Я слышал, как к дому подъехала машина, посигналила. Надрываясь, закукарекал Бармалей, а Шарик, напротив, радостно взвизгивал от восторга. Марина перестала плакать, что-то тяжелое упало в ее комнате, скрипнула дверь и она вошла ко мне:
- Не спишь, женишок? Ах, миленький, дай я тебя обниму!
Она прижалась ко мне теплой щекой. Ее волосы чудесно пахли какой-то горьковатой травой, наверное, полынью, и вся она была такая красивая, добрая и, свежая, что я задохнулся от счастья и подумал: “Вырасту - обязательно на ней женюсь!”
В ту минуту в моем сознании мир с беспощадной ясностью разделился на мужчин и женщин, причем из всех женщин я выбрал только ее, Марину, а остальные меня как-то не интересовали.

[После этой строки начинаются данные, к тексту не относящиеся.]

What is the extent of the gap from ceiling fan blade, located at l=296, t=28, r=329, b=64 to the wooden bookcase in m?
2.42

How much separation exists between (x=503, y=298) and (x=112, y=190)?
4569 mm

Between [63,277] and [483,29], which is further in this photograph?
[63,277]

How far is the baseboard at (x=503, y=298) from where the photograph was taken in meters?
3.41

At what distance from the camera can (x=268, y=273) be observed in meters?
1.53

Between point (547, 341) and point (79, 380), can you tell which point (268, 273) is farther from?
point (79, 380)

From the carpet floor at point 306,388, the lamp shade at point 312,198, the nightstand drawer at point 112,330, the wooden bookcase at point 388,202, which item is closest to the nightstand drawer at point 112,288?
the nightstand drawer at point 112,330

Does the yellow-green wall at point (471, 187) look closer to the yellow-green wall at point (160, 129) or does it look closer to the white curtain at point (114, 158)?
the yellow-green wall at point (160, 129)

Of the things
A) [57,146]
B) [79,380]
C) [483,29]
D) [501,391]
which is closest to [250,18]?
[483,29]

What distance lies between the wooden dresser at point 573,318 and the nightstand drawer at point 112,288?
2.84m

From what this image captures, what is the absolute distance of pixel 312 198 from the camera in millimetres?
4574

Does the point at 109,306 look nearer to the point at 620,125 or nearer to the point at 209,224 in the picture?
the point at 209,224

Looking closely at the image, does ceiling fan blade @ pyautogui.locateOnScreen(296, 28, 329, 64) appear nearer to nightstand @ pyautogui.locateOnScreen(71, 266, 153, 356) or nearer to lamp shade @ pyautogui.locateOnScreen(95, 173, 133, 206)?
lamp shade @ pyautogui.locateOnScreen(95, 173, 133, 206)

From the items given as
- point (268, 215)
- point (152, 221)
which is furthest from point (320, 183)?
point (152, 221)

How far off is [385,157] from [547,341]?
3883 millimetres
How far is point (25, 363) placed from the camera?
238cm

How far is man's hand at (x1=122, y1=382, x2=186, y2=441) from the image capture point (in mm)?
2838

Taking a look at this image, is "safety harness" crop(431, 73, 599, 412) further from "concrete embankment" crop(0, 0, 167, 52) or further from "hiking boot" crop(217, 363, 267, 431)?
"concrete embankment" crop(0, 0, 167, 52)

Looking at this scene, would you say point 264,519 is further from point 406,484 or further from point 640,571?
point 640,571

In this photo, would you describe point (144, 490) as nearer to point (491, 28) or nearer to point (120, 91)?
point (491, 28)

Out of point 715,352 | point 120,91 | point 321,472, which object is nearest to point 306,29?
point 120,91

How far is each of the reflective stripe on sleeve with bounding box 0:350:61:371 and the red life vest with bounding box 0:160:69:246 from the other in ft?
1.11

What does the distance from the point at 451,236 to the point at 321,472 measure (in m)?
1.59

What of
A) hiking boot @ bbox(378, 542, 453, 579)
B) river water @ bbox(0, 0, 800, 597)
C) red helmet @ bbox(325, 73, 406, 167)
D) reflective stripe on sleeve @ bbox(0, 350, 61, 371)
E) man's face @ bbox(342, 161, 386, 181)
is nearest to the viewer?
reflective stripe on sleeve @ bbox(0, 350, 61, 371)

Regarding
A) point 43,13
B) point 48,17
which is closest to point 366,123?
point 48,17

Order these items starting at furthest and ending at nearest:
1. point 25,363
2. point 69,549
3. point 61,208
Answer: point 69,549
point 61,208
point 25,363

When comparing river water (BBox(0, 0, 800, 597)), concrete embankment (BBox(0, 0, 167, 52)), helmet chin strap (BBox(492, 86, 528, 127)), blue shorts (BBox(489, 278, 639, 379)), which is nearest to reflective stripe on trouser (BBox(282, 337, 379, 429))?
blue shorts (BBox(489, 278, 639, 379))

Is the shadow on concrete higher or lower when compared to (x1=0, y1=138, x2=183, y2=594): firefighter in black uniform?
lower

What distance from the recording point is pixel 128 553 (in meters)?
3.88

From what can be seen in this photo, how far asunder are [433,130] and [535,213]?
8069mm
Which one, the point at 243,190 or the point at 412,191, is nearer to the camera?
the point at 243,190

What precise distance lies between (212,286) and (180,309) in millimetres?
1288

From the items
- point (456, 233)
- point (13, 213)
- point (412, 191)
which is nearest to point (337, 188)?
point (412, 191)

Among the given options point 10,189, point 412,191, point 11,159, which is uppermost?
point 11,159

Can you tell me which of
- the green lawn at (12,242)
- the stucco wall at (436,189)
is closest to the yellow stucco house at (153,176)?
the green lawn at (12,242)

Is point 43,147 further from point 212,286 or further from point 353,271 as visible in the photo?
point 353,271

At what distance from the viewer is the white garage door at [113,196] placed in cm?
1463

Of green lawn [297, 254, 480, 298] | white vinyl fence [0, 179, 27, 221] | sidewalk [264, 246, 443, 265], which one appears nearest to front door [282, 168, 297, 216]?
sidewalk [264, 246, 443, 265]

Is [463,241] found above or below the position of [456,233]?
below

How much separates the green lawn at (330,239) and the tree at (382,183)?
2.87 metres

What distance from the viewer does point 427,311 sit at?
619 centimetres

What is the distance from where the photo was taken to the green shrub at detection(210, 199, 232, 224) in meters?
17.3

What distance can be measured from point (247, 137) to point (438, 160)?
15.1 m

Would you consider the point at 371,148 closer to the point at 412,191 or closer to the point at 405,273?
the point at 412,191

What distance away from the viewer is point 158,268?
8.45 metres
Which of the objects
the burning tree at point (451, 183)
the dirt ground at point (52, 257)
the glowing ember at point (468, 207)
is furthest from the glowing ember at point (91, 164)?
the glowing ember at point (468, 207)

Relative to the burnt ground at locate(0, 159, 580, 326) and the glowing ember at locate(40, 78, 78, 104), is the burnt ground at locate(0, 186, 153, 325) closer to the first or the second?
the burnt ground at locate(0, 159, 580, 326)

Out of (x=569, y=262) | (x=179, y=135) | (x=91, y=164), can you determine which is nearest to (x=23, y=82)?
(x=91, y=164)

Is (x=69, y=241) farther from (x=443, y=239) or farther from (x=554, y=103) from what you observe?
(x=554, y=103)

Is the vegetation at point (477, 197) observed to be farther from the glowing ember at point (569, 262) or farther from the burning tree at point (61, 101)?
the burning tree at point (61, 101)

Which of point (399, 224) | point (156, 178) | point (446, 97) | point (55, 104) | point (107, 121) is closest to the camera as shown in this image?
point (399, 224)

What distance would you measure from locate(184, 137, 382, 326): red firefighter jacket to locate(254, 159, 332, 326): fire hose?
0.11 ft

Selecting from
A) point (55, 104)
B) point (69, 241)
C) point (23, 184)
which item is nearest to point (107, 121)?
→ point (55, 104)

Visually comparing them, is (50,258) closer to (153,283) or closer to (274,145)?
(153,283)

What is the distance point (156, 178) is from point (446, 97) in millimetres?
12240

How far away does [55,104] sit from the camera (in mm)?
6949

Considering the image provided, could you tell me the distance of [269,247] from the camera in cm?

- Я должна ехать, - сказала она. - Скажи папе и маме, что письмо для них лежит в моей комнате. И что бы про меня ни говорили, знай: я все делала так, как подсказывало сердце. Это, может, глупо, но женщина всегда слушает его, даже когда слушать его совсем не надо...
Из окна я видел, как дядя Иван помогает Марине складывать чемоданы. Заметив меня, он поднял руку и помахал мне. Хлопнула дверца газика, уркнул мотор и они уехали. Я знал, что Марина собиралась в отпуск, но ее отъезд напоминал скорее бегство. И я в этом убедился, когда заглянул в ее комнату: непривычно пустая, только на кровати лежали обрывки бумаги, смятые пакеты, валялся мусор на полу. А на столе горделиво стоял самовар с прислоненным к нему конвертом - письмо родителям.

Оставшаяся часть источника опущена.